Ahha! On page 29 of the BoE’s Inflation report is a bar chart, showing how most new jobs created in the last six months have been in ‘low skill’ professions.
This may help explain the low growth in average earnings in recent months, if more new hirers are taking lower paid positions.
Hat-tip to Jeremy Warner of the Telegraph for flagging it up:
Labour: Weak wage growth shows economy isn’t fixed
Chris Leslie MP, Labour’s Shadow Chief Secretary to the Treasury, has seized on the news that the Bank of England has slashed its forecast for wage growth this year, to just 1.25%.

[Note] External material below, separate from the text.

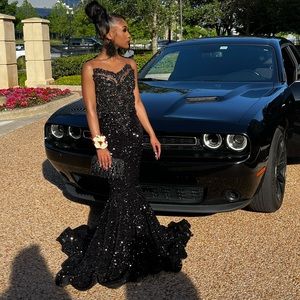 Black Sequins prom dress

“The inflation report shows why this is no time for complacent and out-of-touch claims from Ministers that the economy is fixed and people are better off.
“While the economy is finally growing again and unemployment is falling, working people are still seeing their living standards squeezed. Pay growth is at a record low and lagging behind inflation and the Bank of England has halved its forecasts for wage growth this year.”

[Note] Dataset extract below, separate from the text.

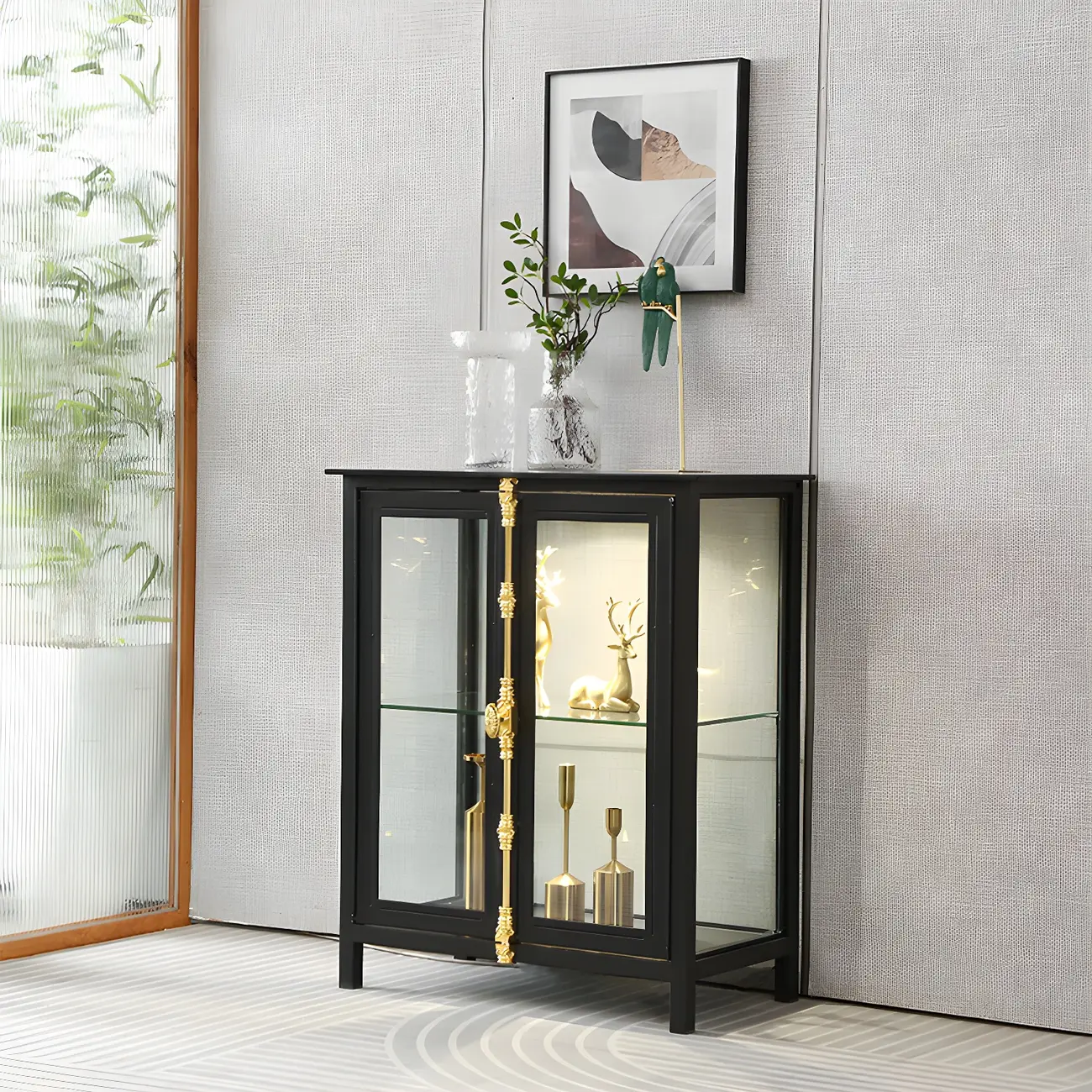 Vintage Metal Glass Display Curio Cabinet with Lighting Image - 3 | homeyfad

Total wages (including bonuses) have shrunk for the first time since 2009. And stripping out bonuses, average earnings rose by the lowest since records began in 2001, up just 0.6%.
Michael Izza, chief executive of ICAEW (which represents accountants) says the Bank of England’s new, lower wage growth forecasts are a concern:
The numbers of self-employed and part-time workers, together with those on zero-hours contracts are contributing to a flexible labour market that is keeping wages down. In addition, auto-enrolment means that employers are having to fund pensions from somewhere, and wages are suffering as a result.
David Kern, chief economist at the British Chambers of Commerce, says the Bank of England is giving out “mixed messages” on the outlook for interest rates.
The higher growth forecast for 2014 and the lower estimate for the amount of slack in the economy may be seen as a signal to bring forward interest rate rises.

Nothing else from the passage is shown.